**Work instruction**
First find the line with "2026 ASCO Systemic", then reproduce it and all following lines of the data to the end, exactly and with no pictures, adding nothing.

**Supplied information**

──────

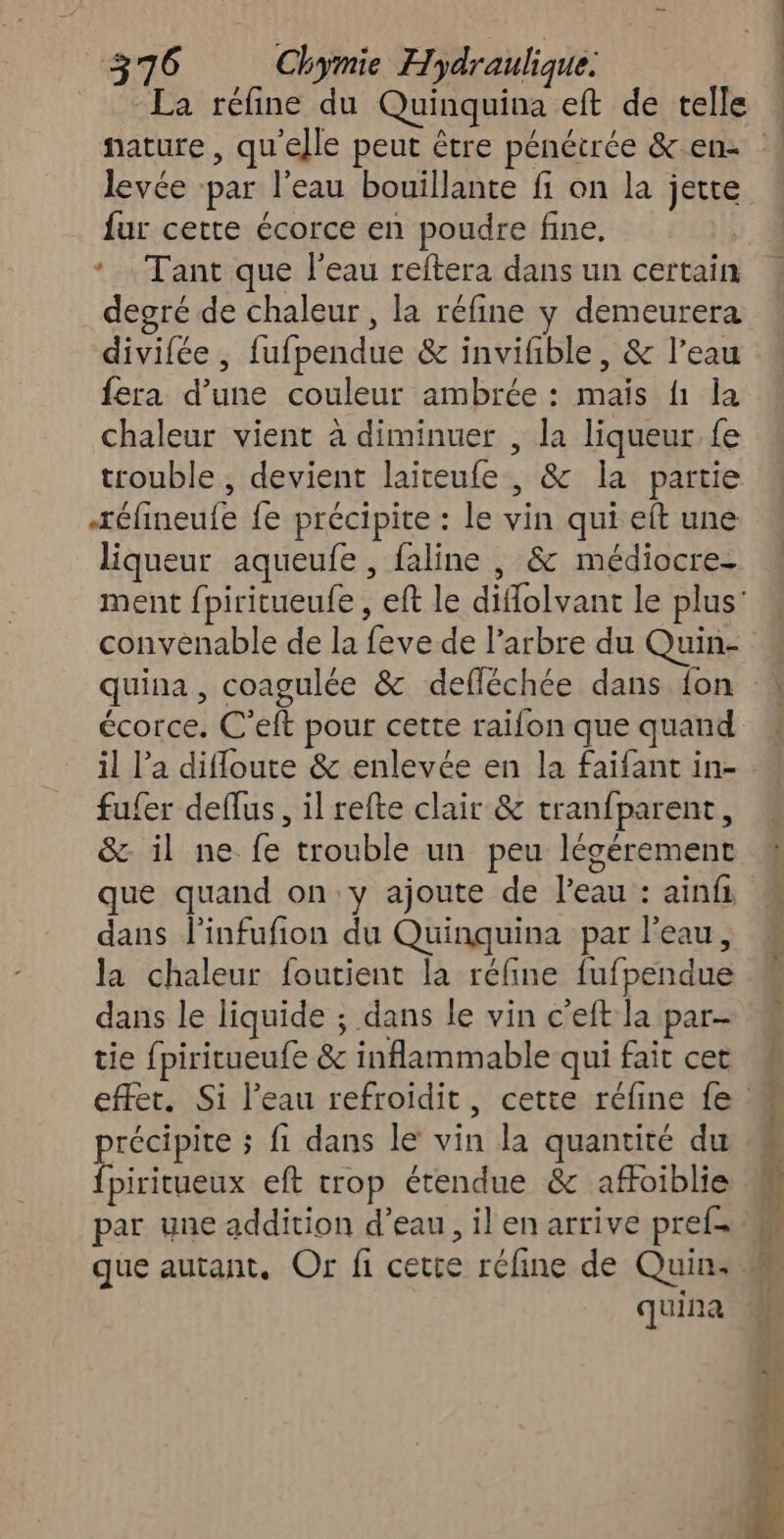 La réfine du Quinquina eft de telle levée ‘par l’eau bouillante fi on la jette fur cette écorce en poudre fine. * Tant que l’eau reftera dans un certain degré de chaleur , la réfine y demeurera divifée , fufpendue & invifble, & l’eau fera d’une couleur ambrée : mais f1 la chaleur vient à diminuer , la liqueur fe trouble , devient laiteufe , & la partie réfineule fe précipite : le vin qui eft une liqueur aqueufe , faline , & médiocre- convenable de la feve de l’arbre du Quin- quina , coagulée & defléchée dans {on écorce. C’elt pour cette raifon que quand il l’a difloute & enlevée en la faifant in- fufer deflus , il refte clair & tranfparent, & il ne fe trouble un peu légérement que quand on y ajoute de l’eau : ainfi dans l’infufion du Quinquina par l'eau, la chaleur foutient la réfine fufpendue dans le liquide ; dans le vin c'eft la par- tie fpiritueufe & inflammable qui fait cet précipite ; fi dans le vin la quantité du fpiritueux eft trop étendue & afoiblie par une addition d’eau, il en arrive pref- quina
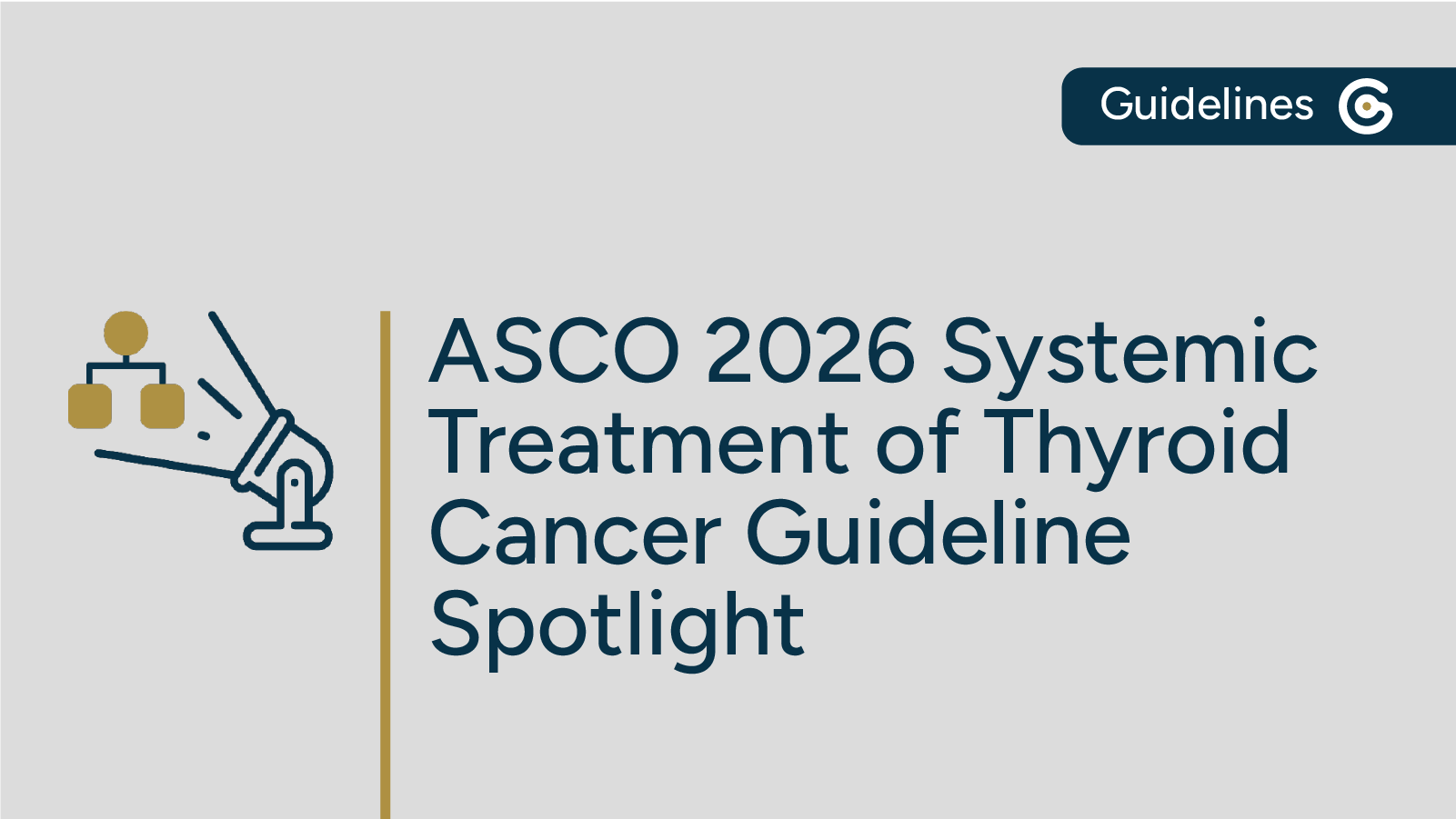 2026 ASCO Systemic Therapy of Thyroid Cancer Guideline Now Available featured image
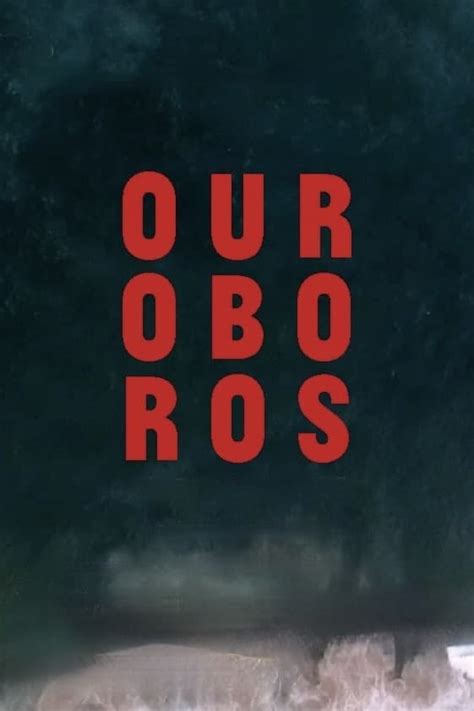 Ouroboros (2017) — The Movie Database (TMDB).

──────

**Task output**
 2026 ASCO Systemic Therapy of Thyroid Cancer Guideline Now Available featured image
 Ouroboros (2017) — The Movie Database (TMDB).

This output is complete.